I'm writing a script to reduce a large .xlsx file with headers into a CSV, and then write a new CSV file with only the required columns based on the header names.

import pandas
import csv

df = pandas.read_csv('C:\\Python27\\Work\\spoofing.csv')

time = df["InviteTime (Oracle)"]
orignum = df["Orig Number"]
origip = df["Orig IP Address"]
destnum = df["Dest Number"]

df.to_csv('output.csv', header=[time,orignum,origip,destnum])

The error I'm getting is with that last bit of code, and it says

ValueError: Writing 102 cols but got 4 aliases

I'm sure I'm overlooking something stupid, but I've read over the to_csv documentation on the pandas website and I'm still at a loss.
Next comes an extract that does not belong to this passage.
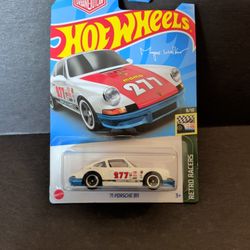 Hot Wheels Retro Racers '71 Porsche 911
I know I'm misusing the to_csv parameters but I can't seem to get my head around the documentation.

Any help is appreciated, thanks!

The way to select specific columns is this -

header = ["InviteTime (Oracle)", "Orig Number", "Orig IP Address", "Dest Number"]
df.to_csv('output.csv', columns = header)
column_list=["column_name1", "column_name2", "column_name3", "column_name4"]

#filter the dataframe beforehand
ds[column_list].to_csv('output.csv',index=False)

#or use columns arg
ds.to_csv('output.csv', columns = column_list,index=False)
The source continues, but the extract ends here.